About this exercise »
Could you restate the entries word for word, without the images?
○ ○ ○ ○
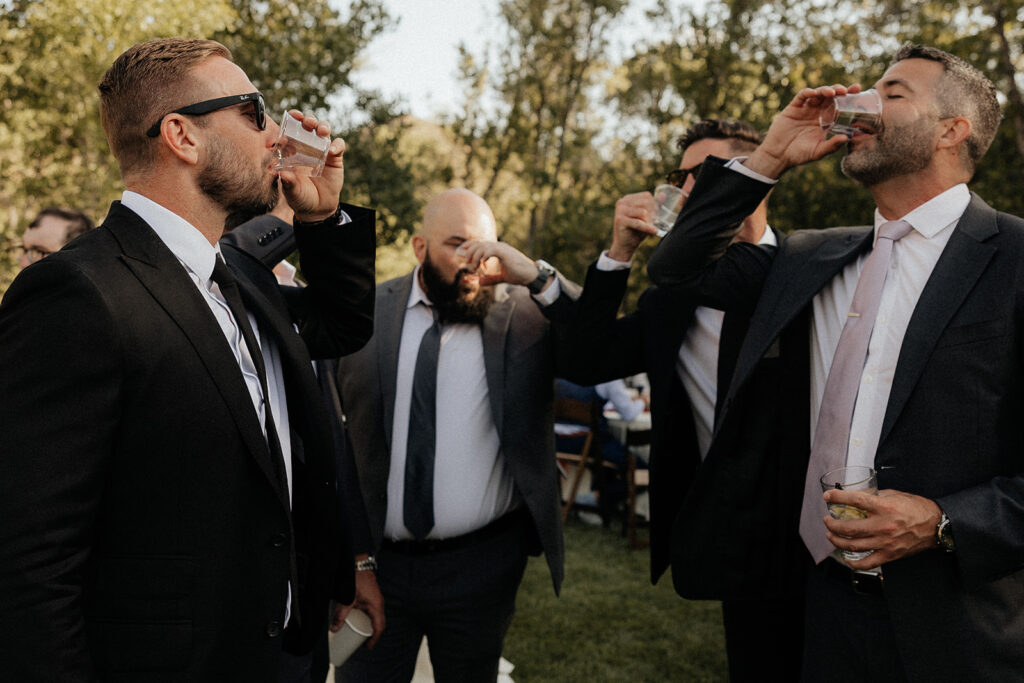 groom and his friends taking a shot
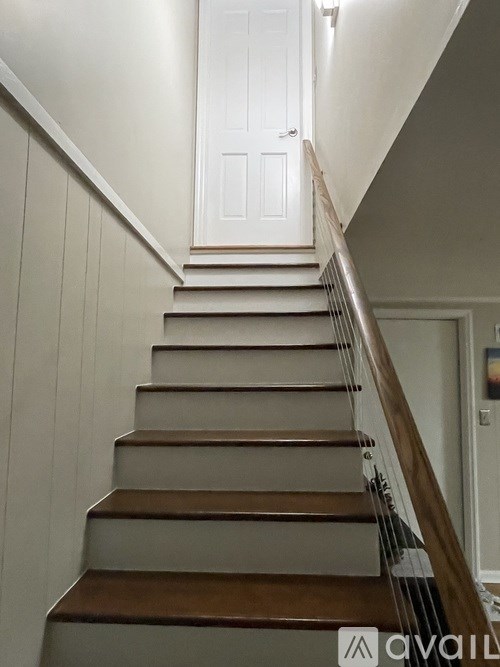 A staircase with wooden steps and white walls.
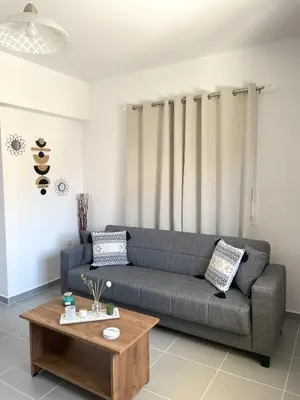 a living room with a couch and a coffee table at Vasilias House in Apóllona
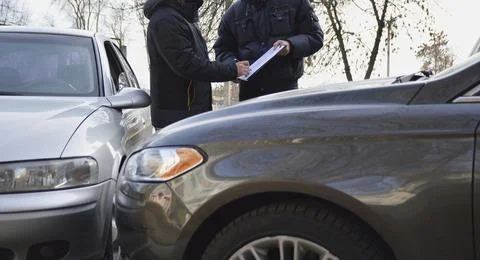 Signing the protocol at the scene of the accident of two cars Stock Photos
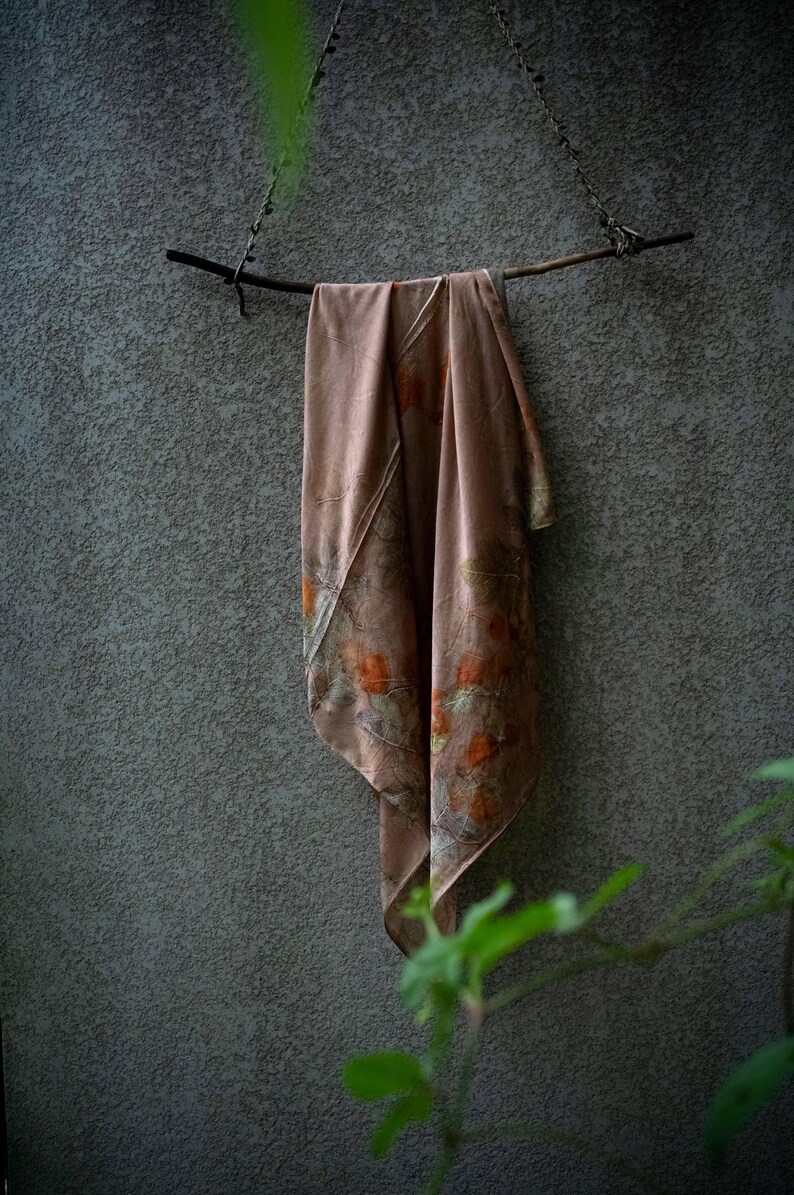 May include: A dusty rose-coloured scarf featuring a botanical print with orange and green leaf patterns. The scarf is draped over a dark, thin wooden branch that is suspended by a thin cord, creating a soft, flowing display of the fabric.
○ ○ ○ ○
Worked solution »
 groom and his friends taking a shot
 A staircase with wooden steps and white walls.
 a living room with a couch and a coffee table at Vasilias House in Apóllona
 Signing the protocol at the scene of the accident of two cars Stock Photos
 May include: A dusty rose-coloured scarf featuring a botanical print with orange and green leaf patterns. The scarf is draped over a dark, thin wooden branch that is suspended by a thin cord, creating a soft, flowing display of the fabric.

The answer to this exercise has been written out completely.